4.3.2. Precision Value

In order to compare the accuracy of the detection results of different methods more objectively, the precision value comparison is carried out. The comparison result is shown in Figure 4.

Analyzing Figure 4, it can be seen that at the beginning of the experiment, the difference between the precision value of the method in this paper and the two traditional methods is not obvious. When the number of iterations reaches 3 times, the gap gradually becomes obvious. The precision value of this method shows a linear growth trend. The highest precision value is close to 1, indicating that the English grammar error detection result of this method is more accurate. From the experimental results, in terms of detecting English grammatical errors, the detection results of the method in this paper are more accurate.

4.3.3. Recall Value

Comparing the recall value of different methods, the comparison result is shown in Figure 5.

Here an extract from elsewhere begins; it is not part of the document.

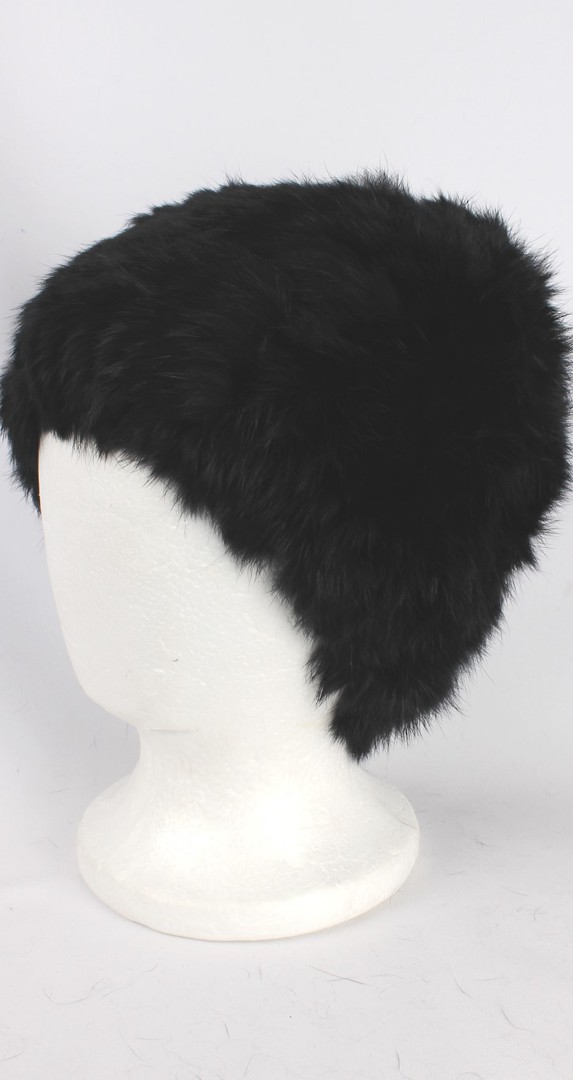 Warm winter fur beanie black Style: HS4420 BLK image 0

The recall values of the two traditional methods are low, as shown in Figure 5, indicating that the detection proportion obtained in the process of syntax error detection using the traditional method is low, i.e., the recall rate is low, which is far lower than the detection ability of the method in this paper. This is mainly because the traditional method has no pertinence in the process of training. When training, only the correct corpus is used instead of the corpus containing errors, and the recognition effect is poor, which is just corrected by this method.

4.3.4. Misjudgment Rate

The misjudgment rates of different methods are compared, and the comparison results are shown in Table 6 and Figure 6.

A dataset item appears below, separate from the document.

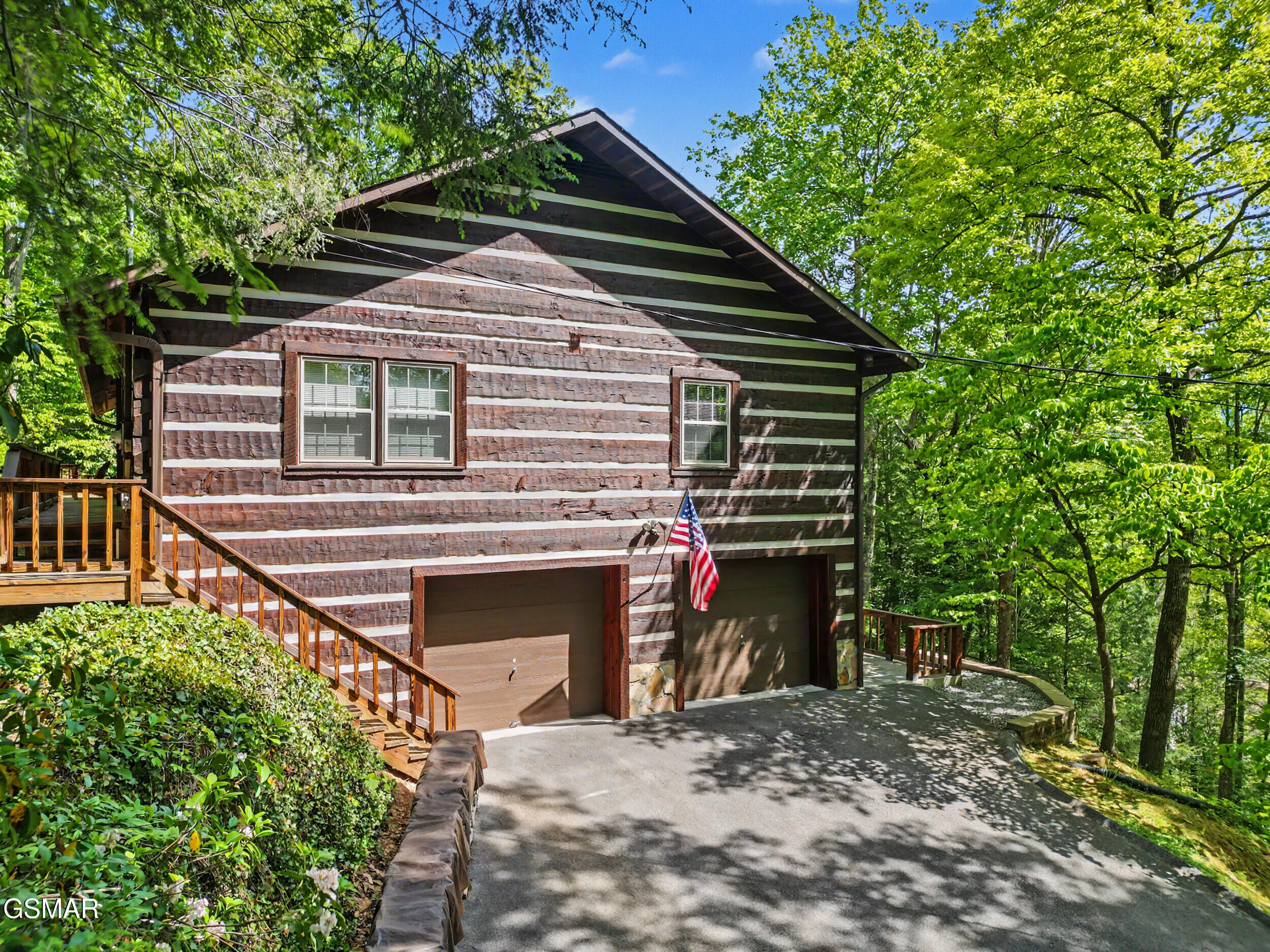 615 N Ownby Drive Gatlinburg TN 37738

Figure 6 demonstrates that, when compared to the conventional approach, this method has a substantially lower misjudgment rate, with a minimum misjudgment rate of just 0.4, which is significantly lower than the traditional method. It shows that the overall performance of the method in this paper is improved compared with the traditional method, which shows that the improvement has achieved certain results.

5. Conclusion

The traditional methods used for the English grammatical error detection suffered from several problems including the problems of low kappa value, precision value, and recall value. Apart from these problems, the misjudgment rate in the conventional system was also high. Taking these challenges into consideration, this paper proposes an English grammar error detection method based on a machine translation model. To do so, a Bi-LSTM model was created to diagnose English grammatical faults, the Naive Bayes method was used to classify the results of the English grammatical error diagnosis, and the N-gram model was used to effectively point out the error’s location. The experimental verification shows that the detection result of this method is better and the accuracy rate is higher, which can provide a more reliable reference for English learners. At present, this article only studies the type and location of the detected errors, and does not correct the errors, so future research will start from the following two aspects: (1) Obtain more training data to enhance the model. (2) The model will not only identify errors but will directly correct grammatical errors as well.

Data Availability

The data used to support the findings of this study are available from the corresponding author upon request.

Conflicts of Interest

The author declares no conflicts of interest.